What has happened to Phillips? Fatherhood, probably. This material is more thoughtful, sensitive, insightful and humorous and less melodramatic. We get the feeling that he is actually in touch with himself in a way that might have been unimaginable a few years ago. All the songs are by Phillips (with the exception of one that is co-written), and in them, he tackles a number of issues, including male irresponsibility and deadbeat dads in "Men Just Leave," petty bigotry in "Drive By," where a father coerces his son into driving the car as he attempts to shoot the neighbor’s dog, and despair in "Darkest Hour," which might perhaps relate to the death of Phillips’ own father. Overall, we’re offered a surprisingly deep, poetic collection of material that makes for an enjoyable listen. "Careless" is an excellent opener. Other star tracks for me include those mentioned above.
The original stereo release of this album hit the stores in April, so this Silverline release is pleasantly hot on its heels. The mix is by the highly talented Gary Lux at 5.1 Entertainment, who, you may recall, also remixed Aaron Neville’s stunning "Devotion" album. With every release, Lux shows his mixing talent: he is not afraid to develop a surround concept for each project he works on, with no apparent need for the safety of a few standard surround templates. Each album therefore has an approach to surround that is unique to the material, which is, of course, how it should be but often is not.

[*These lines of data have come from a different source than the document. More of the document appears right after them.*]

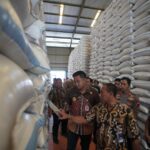 Bupati Klaten Lakukan Sidak Pasar hingga Gudang Bulog, Pastikan Kebutuhan Pangan Warga Aman
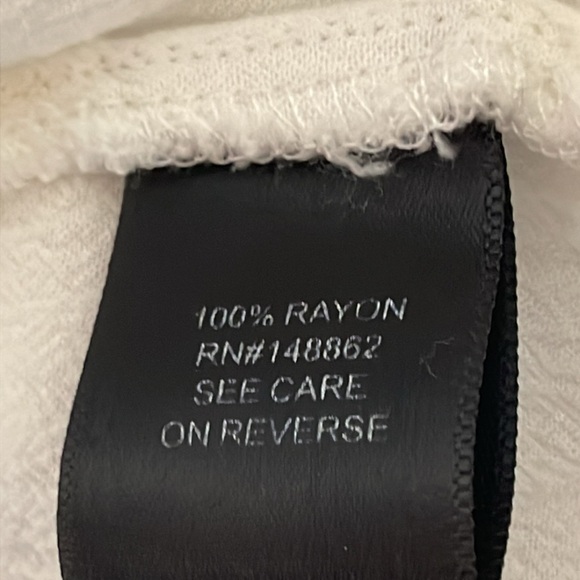 Torrid Women's White Lightweight Blouse. Good Condition. Size 4. - Picture 7 of 8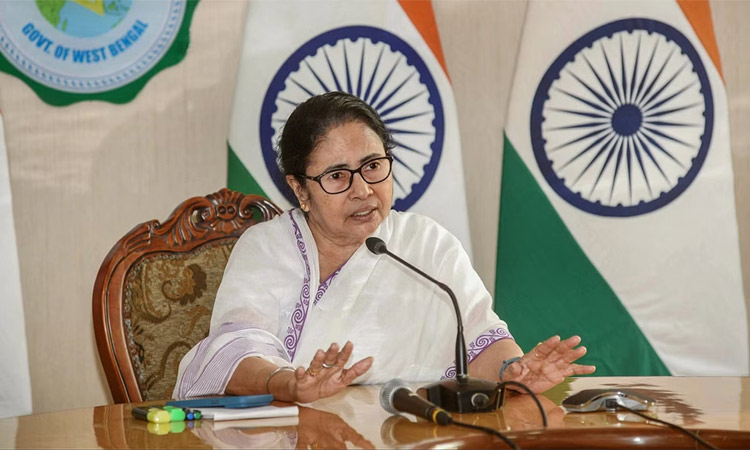 ரெயில் விபத்து நடந்த பகுதியை பார்வையிட ஒடிசா செல்கிறார் மேற்குவங்காள முதல்-மந்திரி மம்தா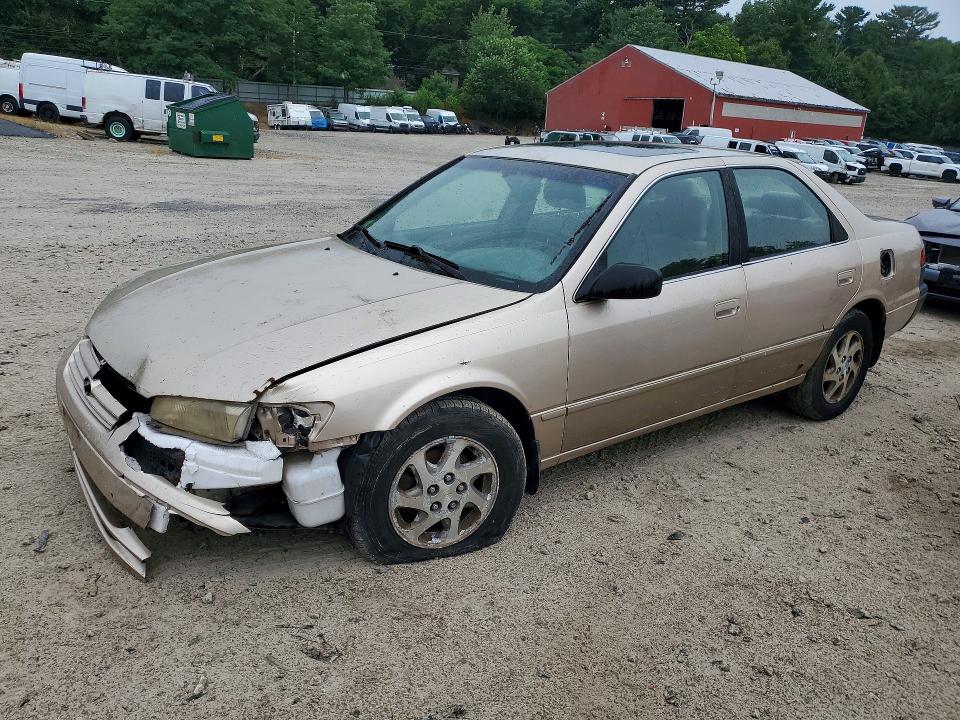 61844566 :رقم المزاد ، JT2BF22K9X0226381 vin ، 1999 Toyota Camry مزاد بيع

Here, then, we find an interesting surround layout. Most of the action takes places across a wide front stage. The surrounds are used to add depth and context, never standing out on their own but instead subtly complementing and highlighting the mix across the front. The vocal is up in the mix, thankfully, as the lyrics are important (and available on-screen if desired). The overall recording is clean and clear, with every part of the arrangement clearly audible, highlighting the excellent performances throughout.
In addition to the Dolby Digital (DVD-V) and MLP (DVD-A) streams, the latter a healthy and flawless 24/96 as we have come to expect from Silverline, there is extensive concert footage and an artist commentary, plus the lyrics sheet and a slide show of images, mainly featuring a fully-suited-and-tied Phillips in the pool, strangely conjuring up memories of the art on… what was that long lost Martin Briley album? Oh, yes, "One Night with a Stranger." Talking of art, if you can tell me what the image on the disc label is, I would love to know.
If you enjoyed Phillips’ former band, it is to be hoped that you will not find this solo offering too laid-back. I found it a more rewarding experience than listening to his former outfit, and hope it represents the shape of things to come for Phillips as a solo artist.